» Records contained in a dataset
━━━

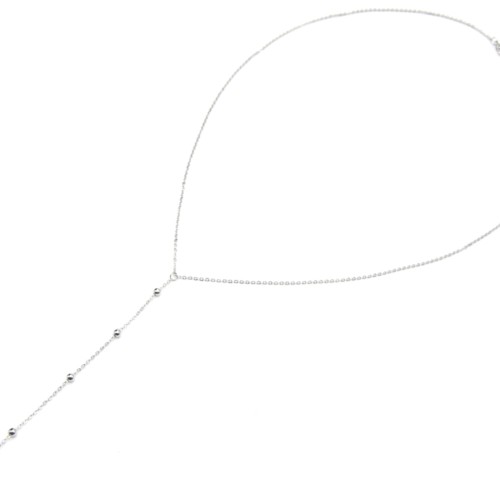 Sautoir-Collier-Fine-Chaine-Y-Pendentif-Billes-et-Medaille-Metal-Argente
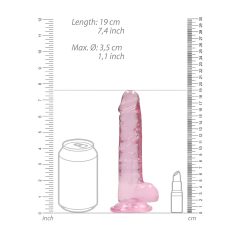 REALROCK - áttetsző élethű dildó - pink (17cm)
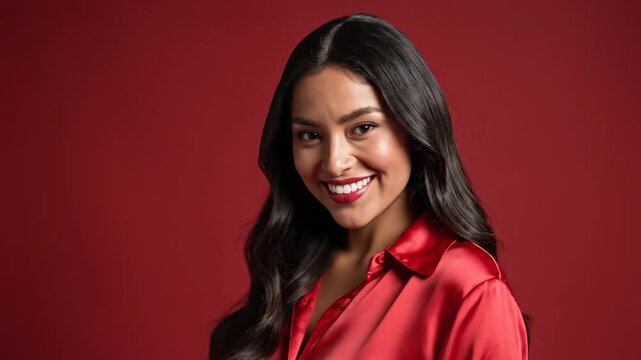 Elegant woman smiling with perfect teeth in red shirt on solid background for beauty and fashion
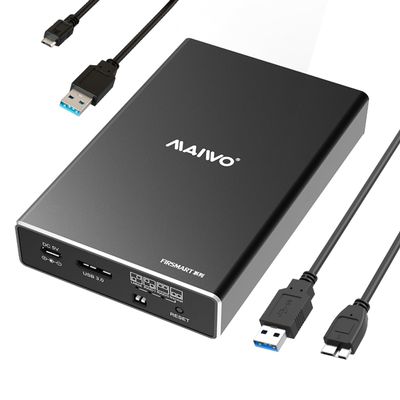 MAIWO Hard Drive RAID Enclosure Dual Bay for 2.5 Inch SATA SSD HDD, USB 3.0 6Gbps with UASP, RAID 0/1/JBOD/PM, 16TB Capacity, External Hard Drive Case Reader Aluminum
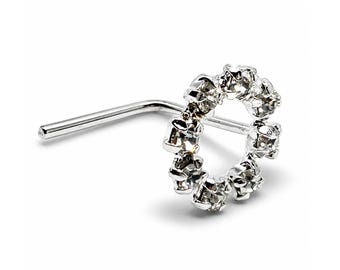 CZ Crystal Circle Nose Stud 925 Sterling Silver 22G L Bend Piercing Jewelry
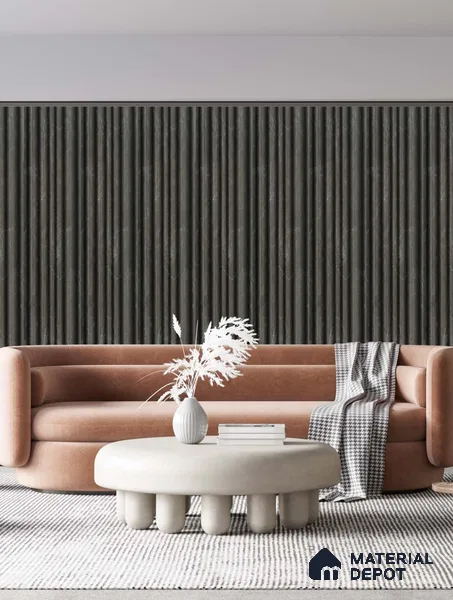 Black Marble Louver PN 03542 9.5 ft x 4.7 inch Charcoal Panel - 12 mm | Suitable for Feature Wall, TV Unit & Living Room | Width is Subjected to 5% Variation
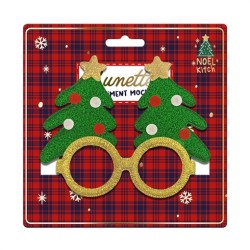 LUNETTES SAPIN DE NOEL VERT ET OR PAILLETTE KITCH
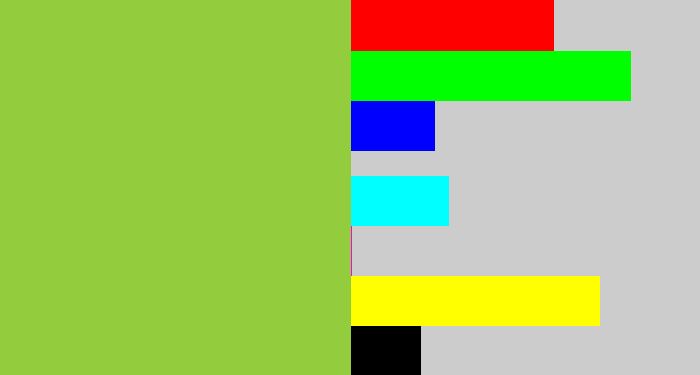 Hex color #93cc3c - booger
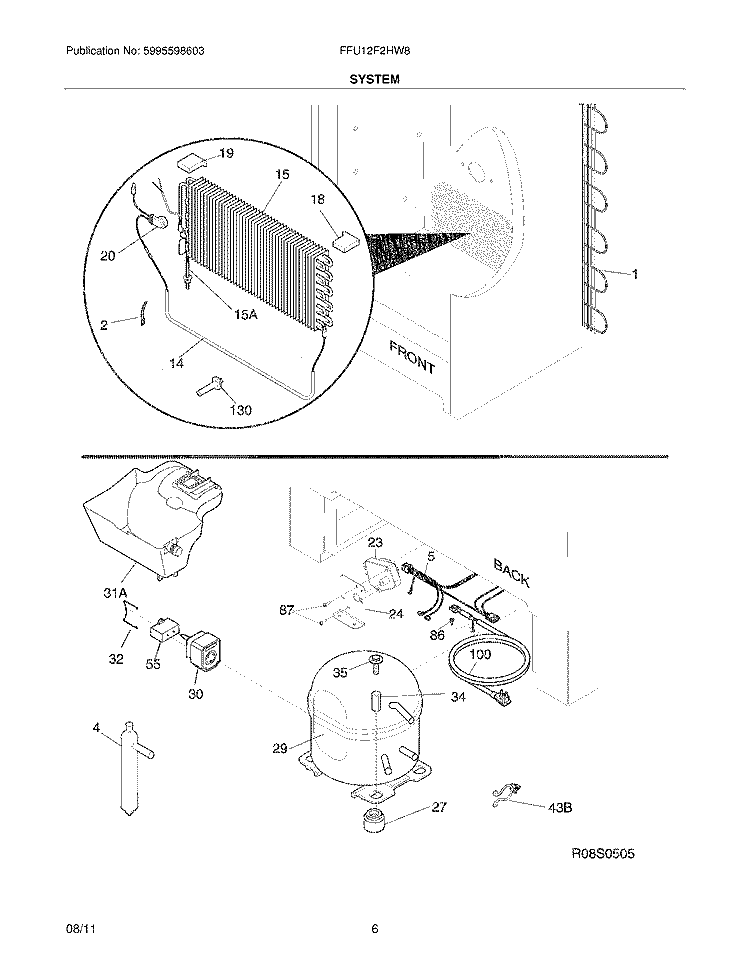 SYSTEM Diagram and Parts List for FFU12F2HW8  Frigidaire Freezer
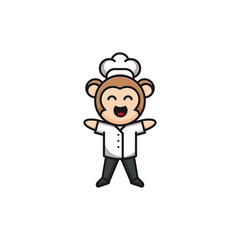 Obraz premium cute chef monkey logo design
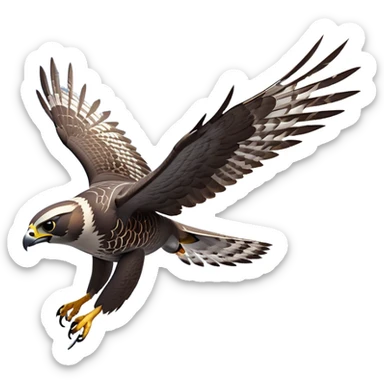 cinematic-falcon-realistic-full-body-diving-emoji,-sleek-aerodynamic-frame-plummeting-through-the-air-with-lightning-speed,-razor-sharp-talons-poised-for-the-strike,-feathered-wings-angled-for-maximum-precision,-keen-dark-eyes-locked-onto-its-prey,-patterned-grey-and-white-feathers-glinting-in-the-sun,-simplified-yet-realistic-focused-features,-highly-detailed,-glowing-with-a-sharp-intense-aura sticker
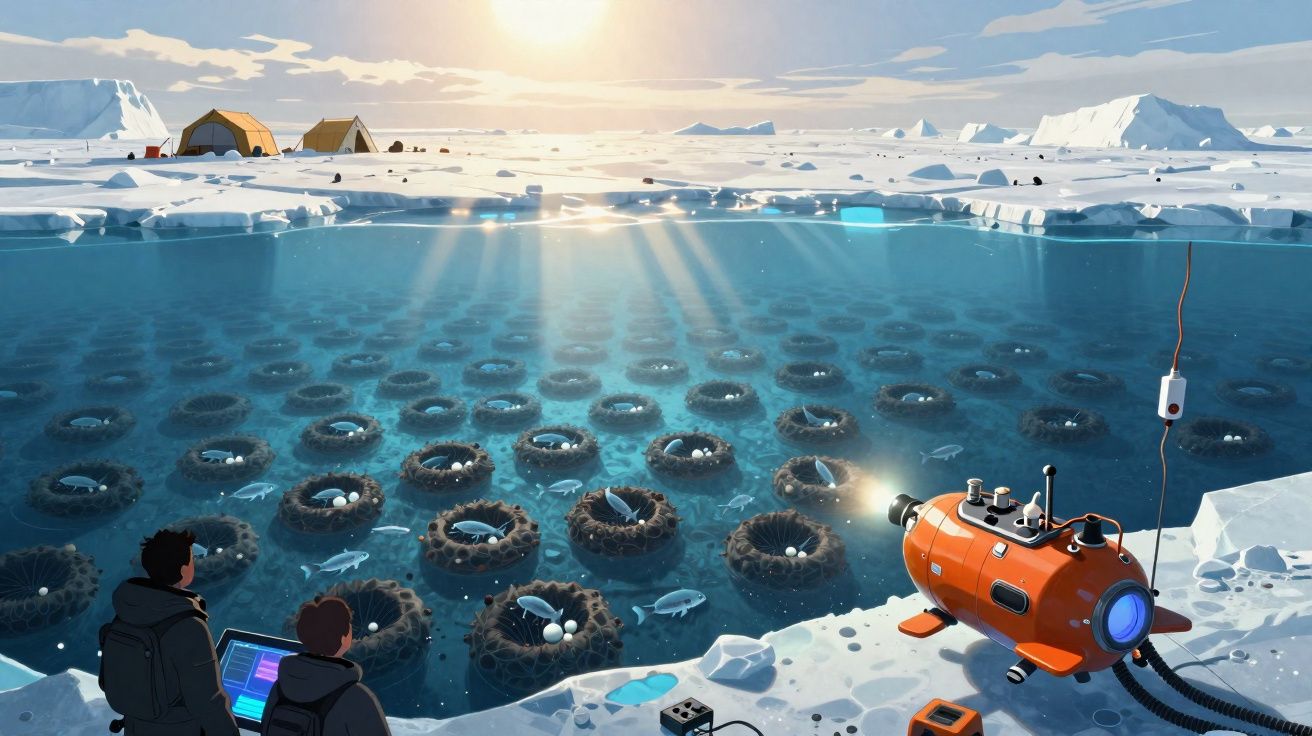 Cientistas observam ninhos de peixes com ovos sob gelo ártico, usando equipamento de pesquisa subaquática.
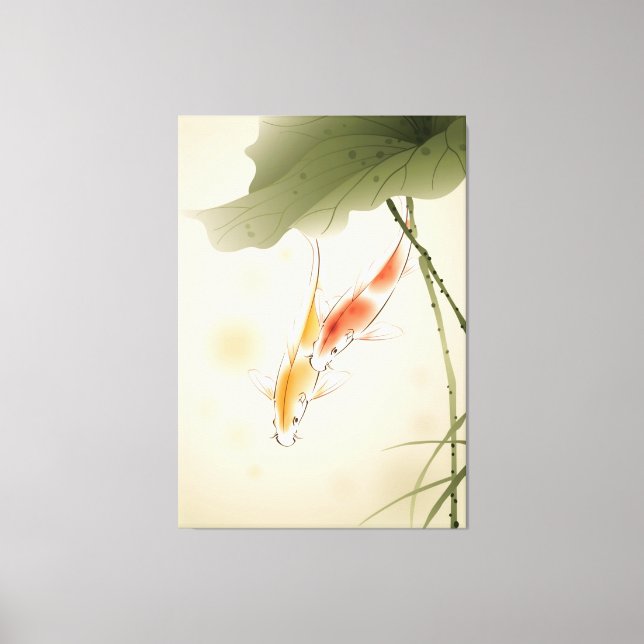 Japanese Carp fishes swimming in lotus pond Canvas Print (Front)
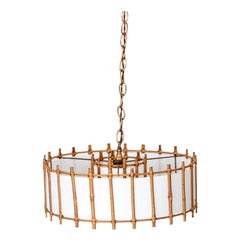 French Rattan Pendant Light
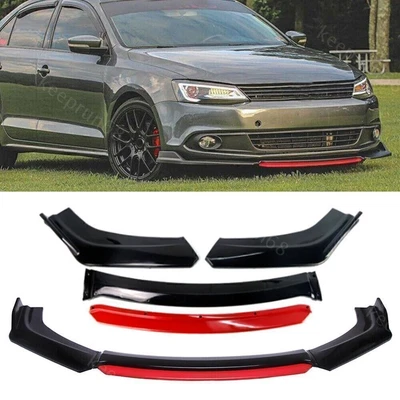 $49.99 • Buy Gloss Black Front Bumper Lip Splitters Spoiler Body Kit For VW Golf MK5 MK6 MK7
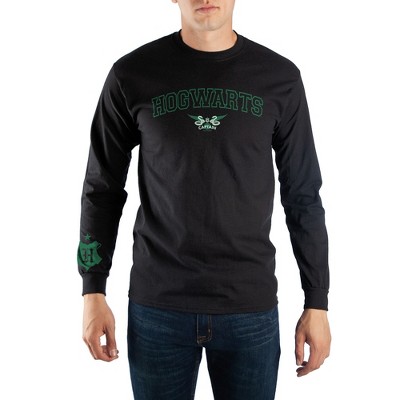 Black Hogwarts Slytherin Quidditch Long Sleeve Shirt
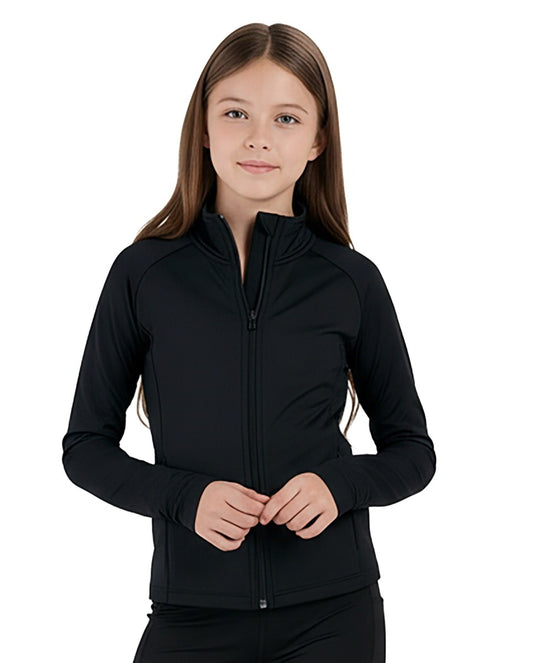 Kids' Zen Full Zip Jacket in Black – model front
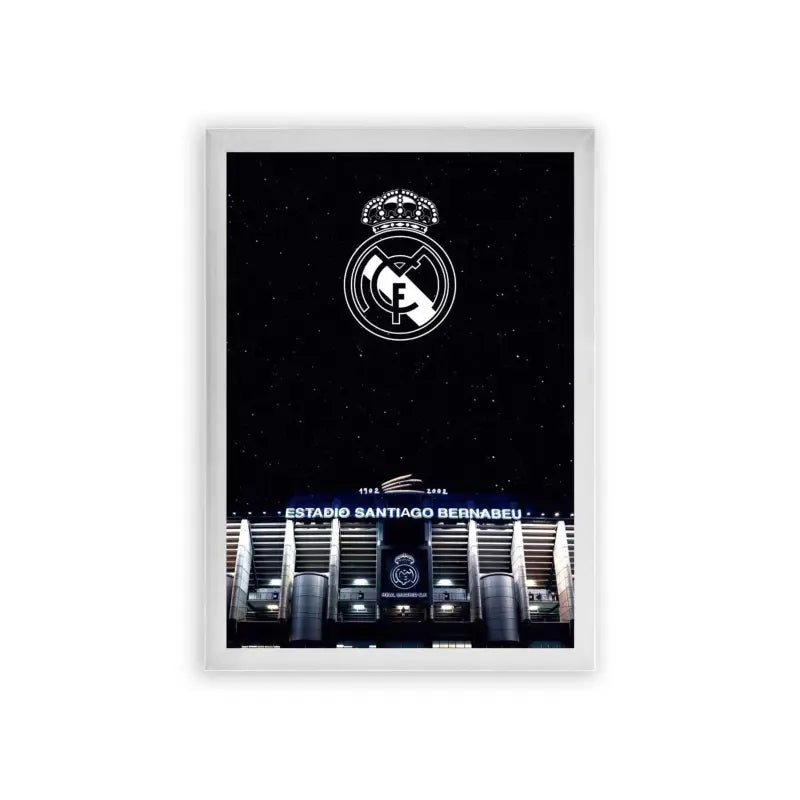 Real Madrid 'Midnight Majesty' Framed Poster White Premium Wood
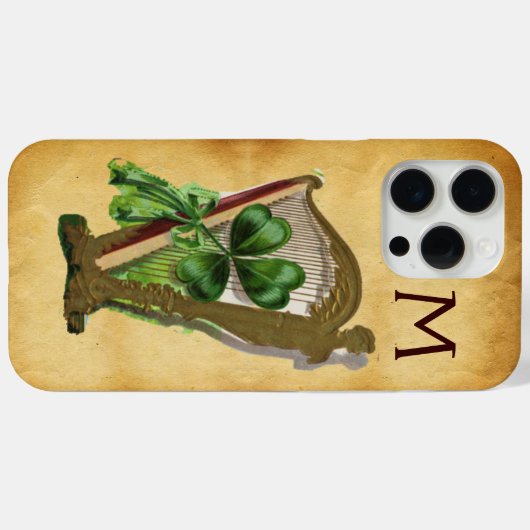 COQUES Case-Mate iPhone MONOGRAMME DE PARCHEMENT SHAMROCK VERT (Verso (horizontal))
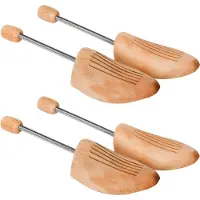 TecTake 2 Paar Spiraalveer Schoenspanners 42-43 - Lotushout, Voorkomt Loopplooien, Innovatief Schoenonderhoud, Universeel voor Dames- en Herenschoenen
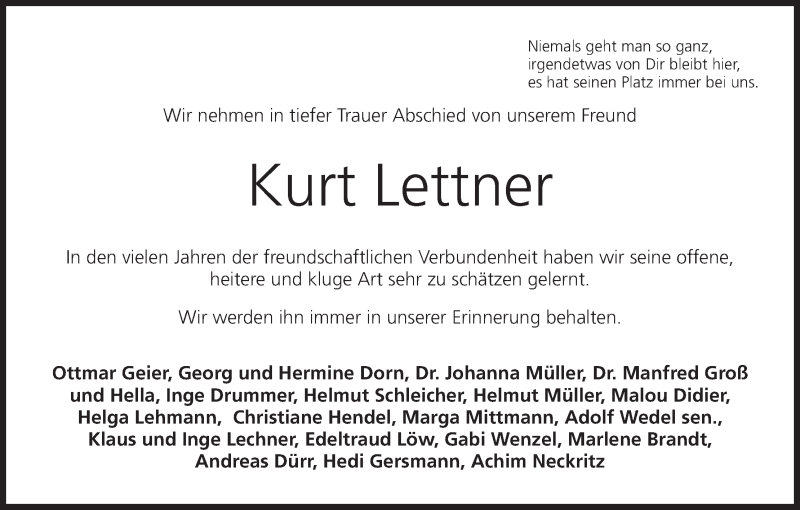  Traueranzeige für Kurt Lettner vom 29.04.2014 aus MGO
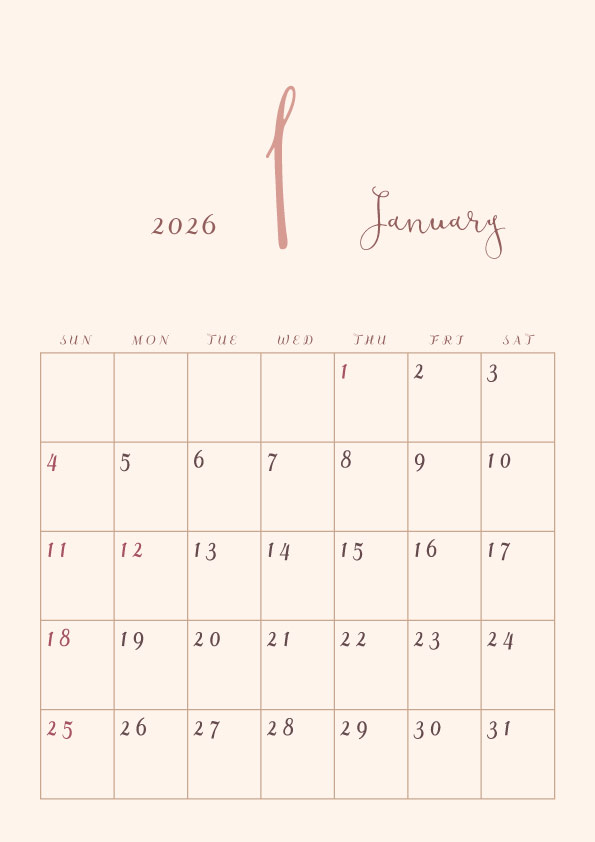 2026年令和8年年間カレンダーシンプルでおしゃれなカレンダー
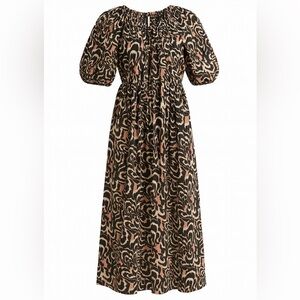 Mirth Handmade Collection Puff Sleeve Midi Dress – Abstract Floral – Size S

━━━

» Task to carry out
Using the data above, give again exactly the lines starting at the one holding "MAIWO Hard Drive" and ending at the one holding "Cientistas observam ninhos", inclusive, and nothing more. Omit the pictures.

» Final answer
 MAIWO Hard Drive RAID Enclosure Dual Bay for 2.5 Inch SATA SSD HDD, USB 3.0 6Gbps with UASP, RAID 0/1/JBOD/PM, 16TB Capacity, External Hard Drive Case Reader Aluminum
 CZ Crystal Circle Nose Stud 925 Sterling Silver 22G L Bend Piercing Jewelry
 Black Marble Louver PN 03542 9.5 ft x 4.7 inch Charcoal Panel - 12 mm | Suitable for Feature Wall, TV Unit & Living Room | Width is Subjected to 5% Variation
 LUNETTES SAPIN DE NOEL VERT ET OR PAILLETTE KITCH
 Hex color #93cc3c - booger
 SYSTEM Diagram and Parts List for FFU12F2HW8  Frigidaire Freezer
 Obraz premium cute chef monkey logo design
 cinematic-falcon-realistic-full-body-diving-emoji,-sleek-aerodynamic-frame-plummeting-through-the-air-with-lightning-speed,-razor-sharp-talons-poised-for-the-strike,-feathered-wings-angled-for-maximum-precision,-keen-dark-eyes-locked-onto-its-prey,-patterned-grey-and-white-feathers-glinting-in-the-sun,-simplified-yet-realistic-focused-features,-highly-detailed,-glowing-with-a-sharp-intense-aura sticker
 Cientistas observam ninhos de peixes com ovos sob gelo ártico, usando equipamento de pesquisa subaquática.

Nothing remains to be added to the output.